### WORK ITEM
Under this line is a listing; return exactly the lines starting at the one with "WTQ Boho Abstract" and running down to the one with "Surreal art print", and leave out its pictures.

### AVAILABLE DATA

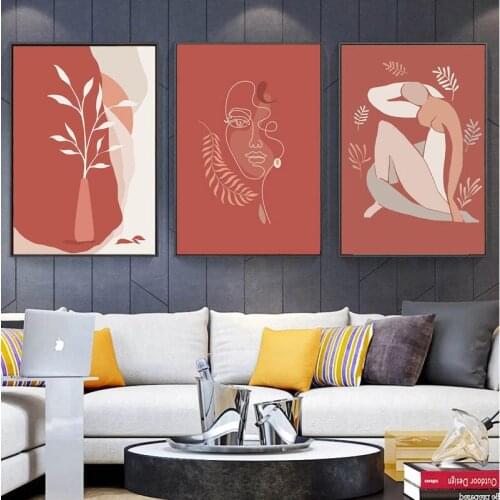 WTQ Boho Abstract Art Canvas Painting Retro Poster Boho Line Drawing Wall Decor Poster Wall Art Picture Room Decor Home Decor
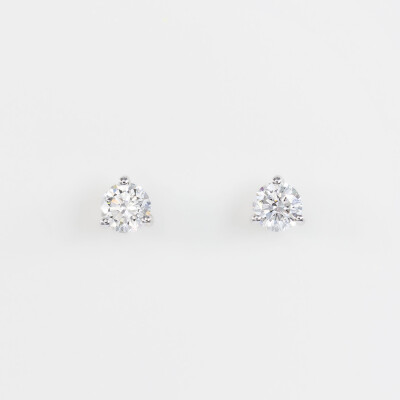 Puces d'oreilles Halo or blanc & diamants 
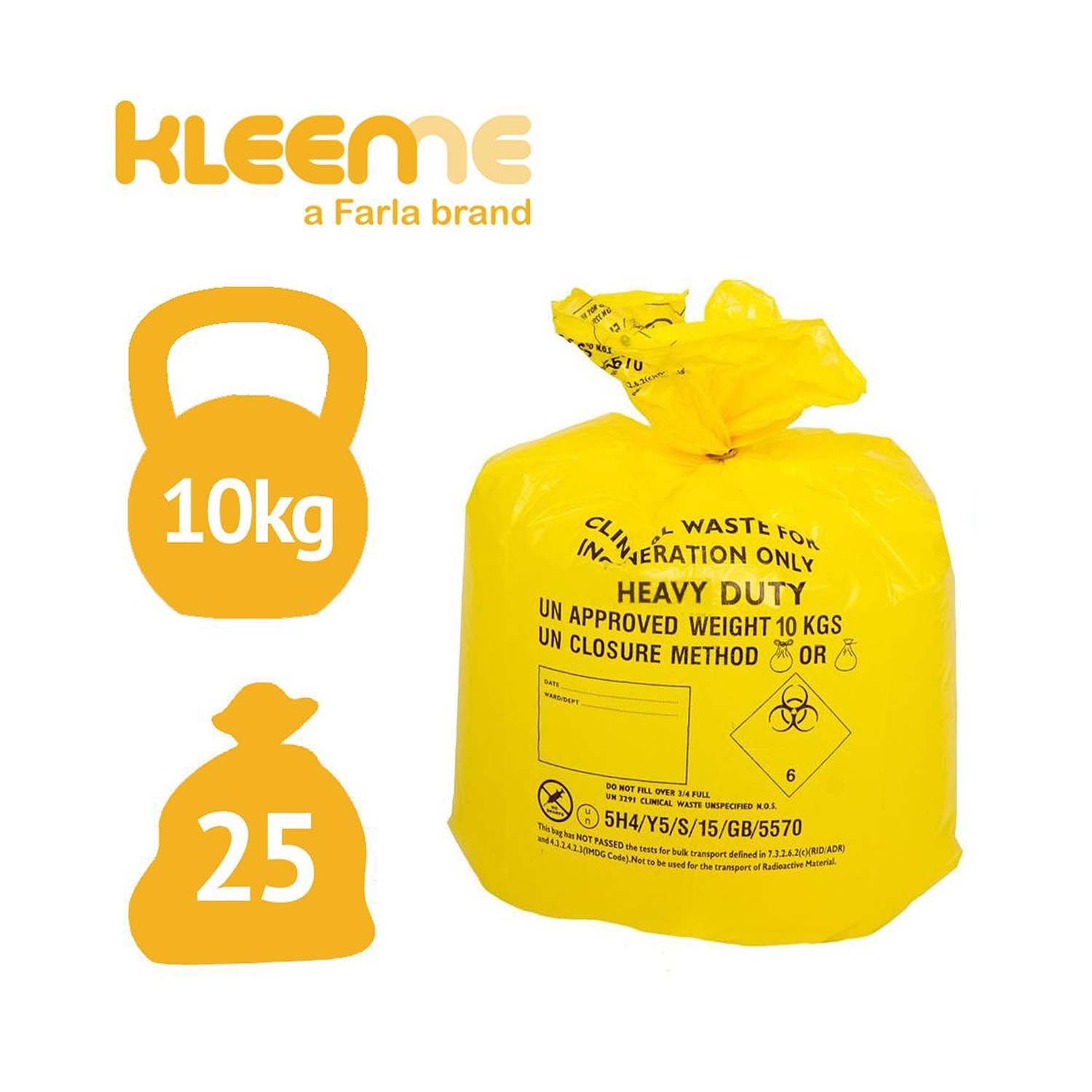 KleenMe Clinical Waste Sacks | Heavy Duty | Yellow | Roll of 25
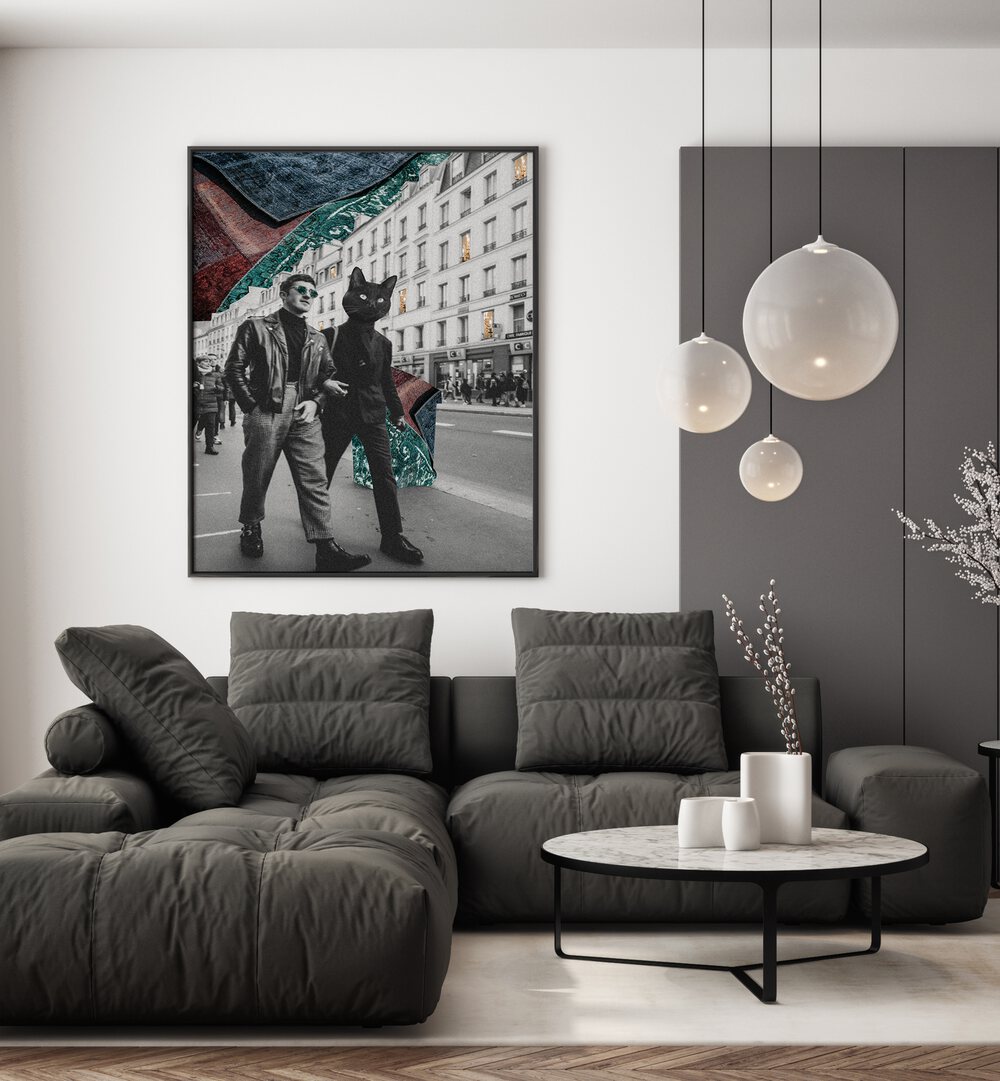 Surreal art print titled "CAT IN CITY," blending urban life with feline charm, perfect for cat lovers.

--

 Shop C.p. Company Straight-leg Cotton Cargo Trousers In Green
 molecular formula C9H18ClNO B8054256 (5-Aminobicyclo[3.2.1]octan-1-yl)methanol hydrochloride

---

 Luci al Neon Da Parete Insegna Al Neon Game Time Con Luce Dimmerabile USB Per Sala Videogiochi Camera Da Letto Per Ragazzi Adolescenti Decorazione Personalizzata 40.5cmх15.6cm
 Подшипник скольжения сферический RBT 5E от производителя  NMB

### ANSWER BOX
 WTQ Boho Abstract Art Canvas Painting Retro Poster Boho Line Drawing Wall Decor Poster Wall Art Picture Room Decor Home Decor
 Puces d'oreilles Halo or blanc & diamants 
 KleenMe Clinical Waste Sacks | Heavy Duty | Yellow | Roll of 25
 Surreal art print titled "CAT IN CITY," blending urban life with feline charm, perfect for cat lovers.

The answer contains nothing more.